**Brief**:
From the line containing "Soil-Free Farming in the Desert" down to the last line of the material, output each line exactly as it appears, excluding pictures.
==================================================
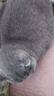喵先生猫包外出大号宠物包太空舱猫咪背包便携包猫狗双肩包猫包车载箱包 迷森绿 实拍图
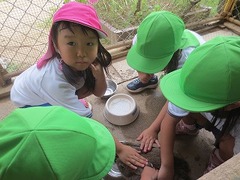 IMG_0232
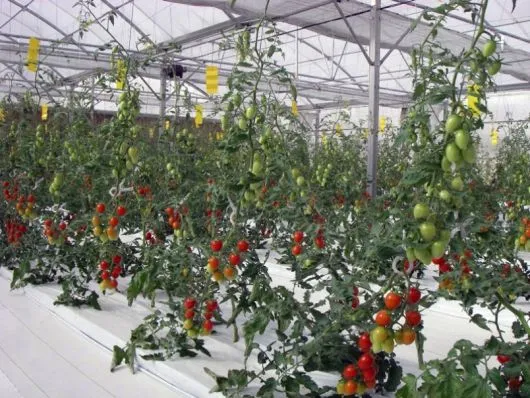 Soil-Free Farming in the Desert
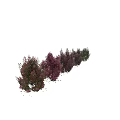 Various Types Of Colorful Garden Shrubs With Red Green Foliage And Landscaping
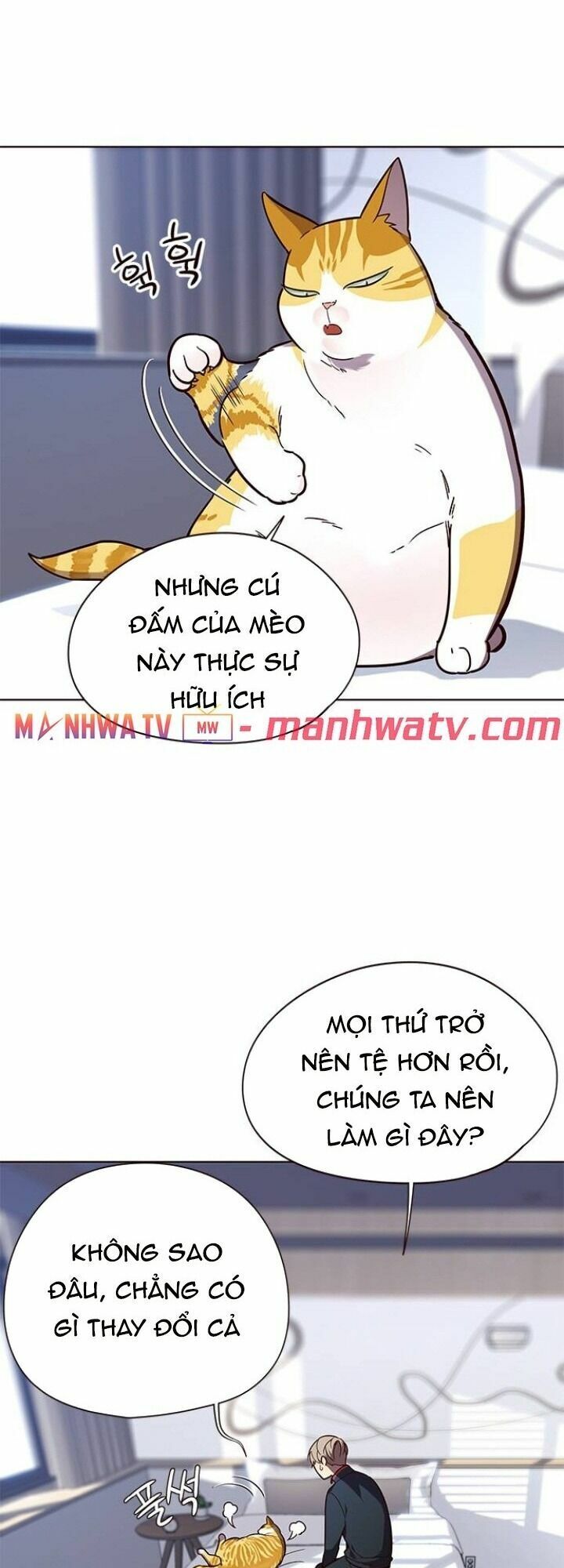Hoá Thân Thành Mèo: Chapter 90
==================================================
**Exercise response**:
 Soil-Free Farming in the Desert
 Various Types Of Colorful Garden Shrubs With Red Green Foliage And Landscaping
Hoá Thân Thành Mèo: Chapter 90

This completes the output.